[Dataset extract — start]
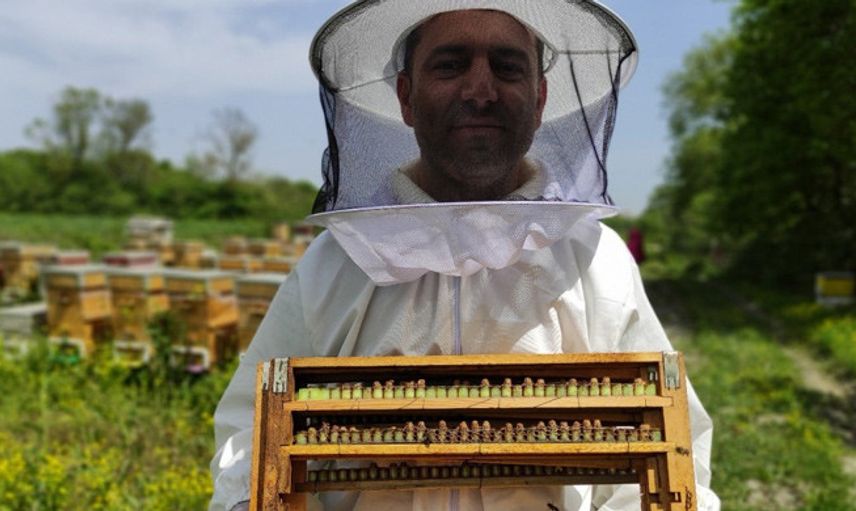 Bursa'da Arı Sütünün Kilosu 8 Bin TL'den Satılıyor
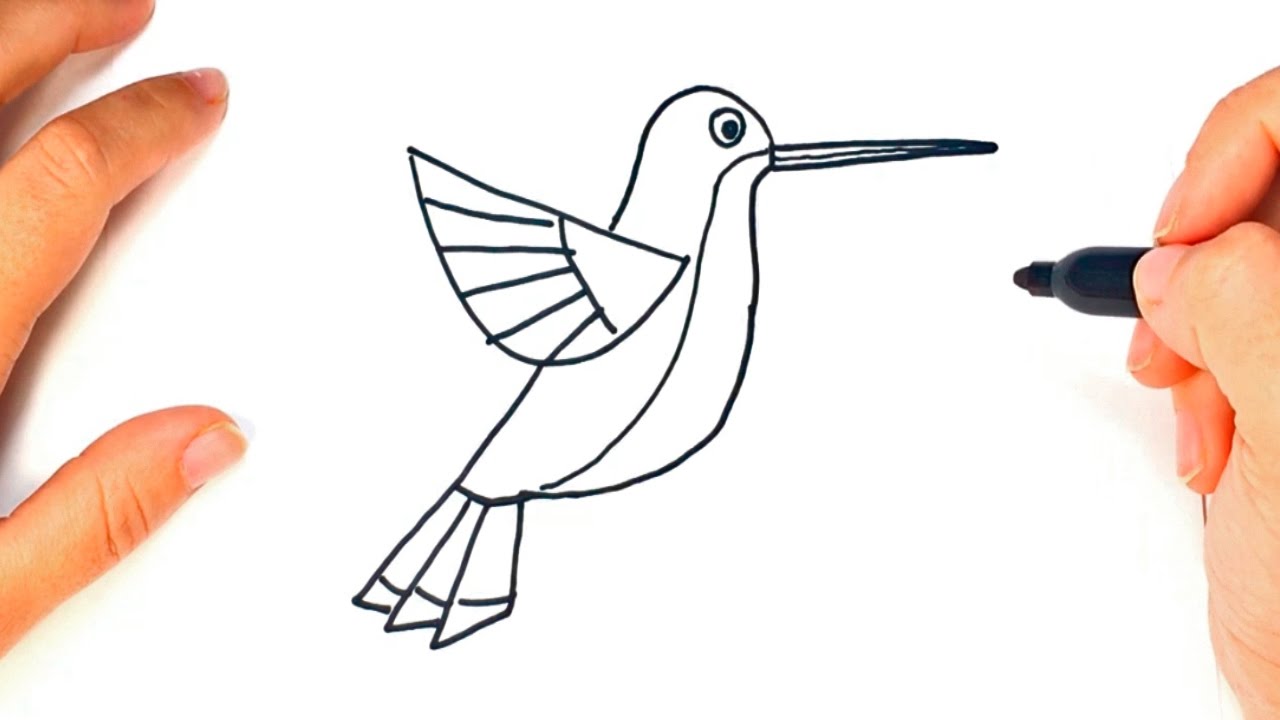 1280x720 How To Draw A Hummingbird Hummingbird Easy Draw Tutorial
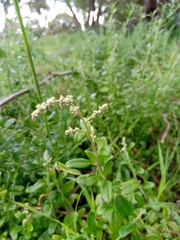 Rhagodia candolleana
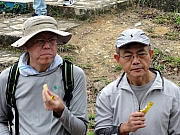 P3110059.JPG (243267 bytes)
[Dataset extract — finish]
Go through the listing above and retype it exactly, skipping every picture.

■ **Reply**:
 Bursa'da Arı Sütünün Kilosu 8 Bin TL'den Satılıyor
 1280x720 How To Draw A Hummingbird Hummingbird Easy Draw Tutorial
 Rhagodia candolleana
 P3110059.JPG (243267 bytes)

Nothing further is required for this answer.